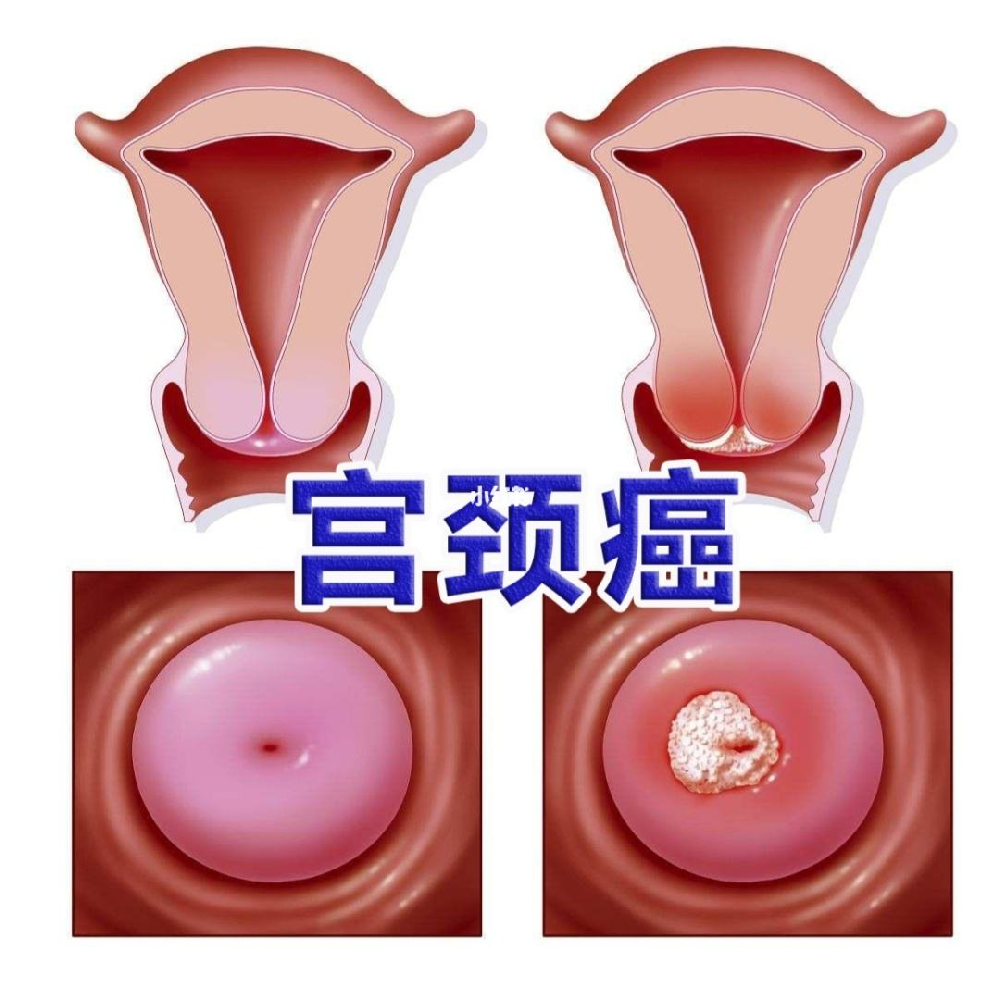 广州肿瘤医师黄俊告诉你宫颈癌对于女性的危害有多大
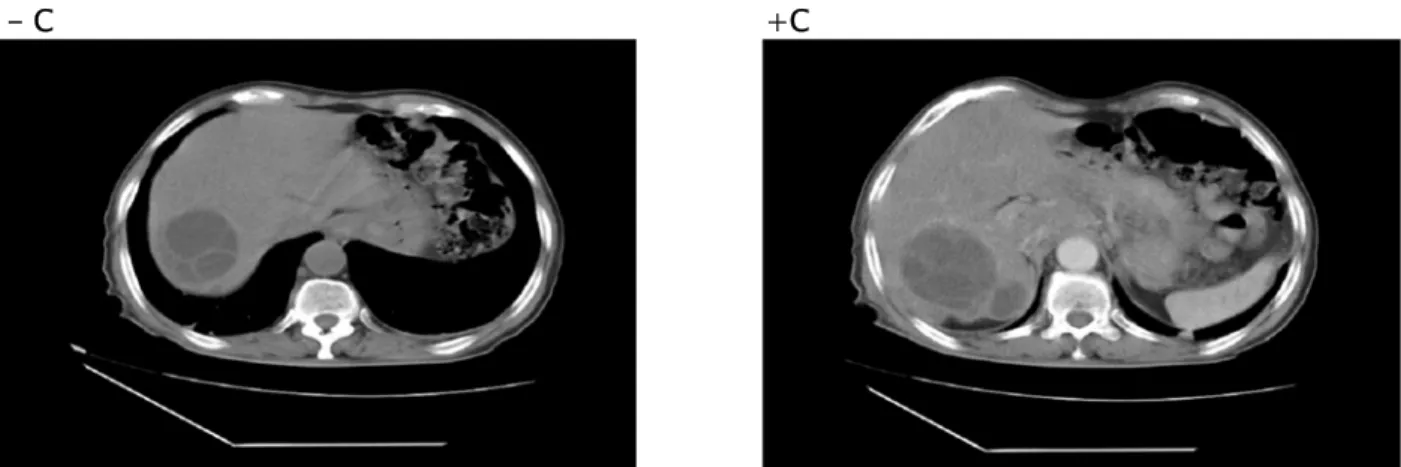 Figure 16: Images scannographiques d’un kyste hydatique du foie multi cloisonné fistulisé dans la voie  biliaire et responsable d’une PA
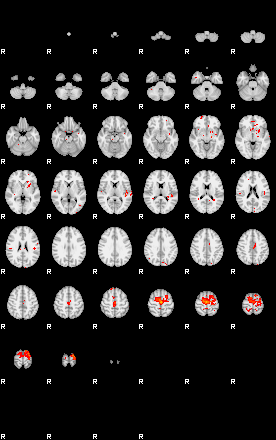 Patients 29052 80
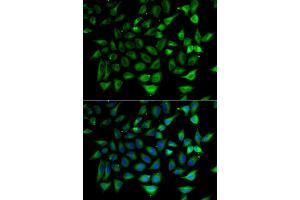 Immunofluorescence analysis of HeLa cell using SLC25A20 antibody. (SLC25A20 抗体)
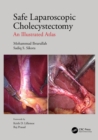 Safe Laparoscopic Cholecystectomy : An Illustrated Atlas - eBook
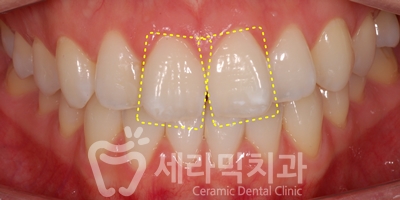 앞니 돌출, 나비치아를 남몰래 해결한 치아교정 전후! 관련 이미지 13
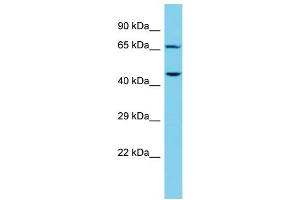 Host: Rabbit Target Name: CTTNBP2NL Sample Type: NCI-H226 Whole Cell lysates Antibody Dilution: 1. (CTTNBP2NL anticorps  (N-Term))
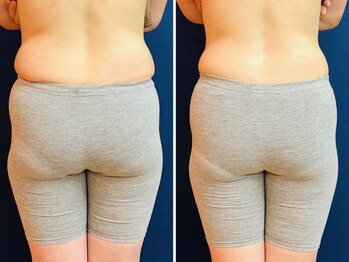 久留米スポーツ整骨院 整体院/エステ◆痩身インディバエステ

────────────────────────────────────────

** Assignment **
Only the text of the records above is to be reproduced, exactly as given; the pictures are dropped.

** Task answer **
 广州肿瘤医师黄俊告诉你宫颈癌对于女性的危害有多大
 Figure 16: Images scannographiques d’un kyste hydatique du foie multi cloisonné fistulisé dans la voie  biliaire et responsable d’une PA
 Patients 29052 80
 Immunofluorescence analysis of HeLa cell using SLC25A20 antibody. (SLC25A20 抗体)
 Safe Laparoscopic Cholecystectomy : An Illustrated Atlas - eBook
 앞니 돌출, 나비치아를 남몰래 해결한 치아교정 전후! 관련 이미지 13
 Host: Rabbit Target Name: CTTNBP2NL Sample Type: NCI-H226 Whole Cell lysates Antibody Dilution: 1. (CTTNBP2NL anticorps  (N-Term))
 久留米スポーツ整骨院 整体院/エステ◆痩身インディバエステ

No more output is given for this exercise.